—¿De dónde es usted?
—Nací en Vila. Justo en medio de dónde hoy está el edificio de La Caixa, al lado de Vara de Rey. Allí nacimos mi hermano Ricardo, el mayor, y yo. Nuestros padres eran Eladia de Can Crispolet y Pep de Sa Capelleta. Le llamaban así porque esus padres fueron los mayorales de Sa Capelleta, que era la finca que estaba donde ahora está el colegio de la Consolación.
—¿Su familia también se dedicaba a cuidar tierras como mayorales?
—No. Mi abuelo, Bernat ‘Crispolet', tenía una fábrica de cemento rojo, cal y yeso al lado de Vara de Rey. Toda esa zona era una especie de zona industrial: estaba la fábrica de Marí Mayans, otra fábrica de alcohol, una de textil… Mi abuelo era un hombre con mucha visión, de hecho, aparte de la fábrica, también tenía una flota de transporte a base de carros y caballos. Tendría una veintena de animales, además de sementales. Los payeses venían de todos los pueblos de Ibiza para hacer criar a sus yeguas. No solo eso, mi abuelo también se encargaba de la limpieza de Vila para el Ayuntamiento. Como los restos entonces eran todos orgánicos, antes de que saliera el sol, ya había cola de payeses que venían para comprarlos como abono.
—¿Dónde fue al colegio?
—Fui a Sa Graduada, que después de La Guerra le cambiaron el nombre por Grupo Escolar José Antonio. Sin embargo, nunca lograron que ese nombre calara en la sociedad ibicenca, siempre le llamamos Sa Graduada, el nombre que le pusieron durante La República. Esa fue una de las pocas cosas que no consiguieron. Sí consiguieron matar a mi tío Silvano, hermano de mi madre, en el frente poco después de que estallara La Guerra. Como no era muy buen estudiante, a los 14 años me pusieron a trabajar en la fábrica de cemento y yeso, para entonces ya no hacíamos cal.
—¿Era un trabajo duro?
—Así es. Se hacía todo a mano y la arcilla es una piedra muy blanda y difícil de sacar. A mi abuelo se le quedó pequeña la fábrica de cemento y compró un solar en la avenida España, donde ahora está la sede de la Seguridad Social, que se usaba como cantera. De allí se sacaba la arcilla, la materia prima del cemento. Entonces la cargábamos en el carro para llevarla al horno de fuego continuo (nunca se apagaba, a base del mismo carbón que usaban barcos como el Jaume I), se cocía, se molía y ya teníamos el cemento.

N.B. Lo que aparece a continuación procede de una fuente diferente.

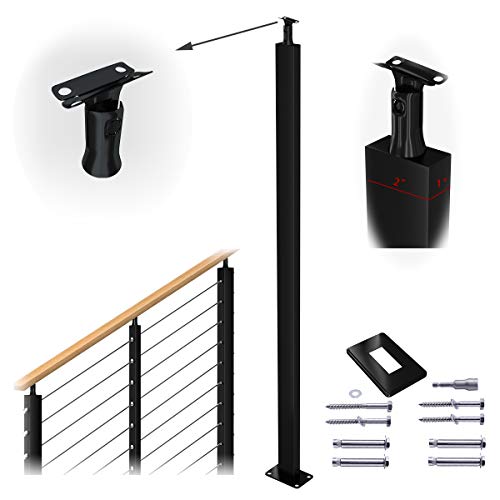 Muzata Cable Railing Post Intermediate 42”x1”x2” Stainless Steel Black Finishing Un-drilled Posts Surface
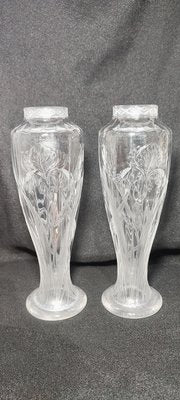 Art Nouveau Cut Glass Vases, Spain, 1930s, Set of 2-RGF-2021467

—¿Trabajó en la fábrica durante mucho tiempo?
—No mucho. Cuando cumplí lo 18 me presenté como voluntario para hacer la mili y ya no volví más. Al terminar el servicio militar empecé a trabajar para Aviaco en el aeropuerto como administrativo, que tratándose de una compañía aérea no tenía nada que ver con la típica imagen de administrativo dentro de una oficina. Estaba todo el tiempo patrullando por la pista o en la zona de facturación y haciendo los trámites con la tripulación. Fue un trabajo en el que disfruté mucho. Entré con 20 años y lo dejé con 62, cuando me jubilé.
—Habrá vivido muchas anécdotas en el aeropuerto durante tanto tiempo.
—Ya lo creo, ha pasado de todo, pero no todo se puede contar (ríe). En una ocasión, un avión inglés, un Bristol, tenía que aterrizar sobre las 11 de la noche. Nosotros venga esperar, y el avión no llegaba. No sabíamos qué pasaba hasta que alguien se fijó que estaba en el aire dando vueltas. Resultó que había un problema con el tren de aterrizaje, en el panel de mando no aparecía la señal de que el tren estuviera bloqueado y el piloto optó por dar vueltas durante horas para gastar todo el combustible. Regamos la pista con espuma carbónica para la emergencia y el piloto aterrizó de manera impecable. Los pilotos ingleses de esa época eran unos ases, la mayoría eran veteranos de la II Guerra Mundial. Afortunadamente, cuando ocurrió el accidente de Ses Roques Altes, yo no trabajaba. Me libré de vivir ese capítulo, ya que entonces todavía no era fijo, solo trabajaba durante la temporada de verano y el accidente ocurrió en pleno invierno.
—¿Cultivó alguna afición fuera del aeropuerto?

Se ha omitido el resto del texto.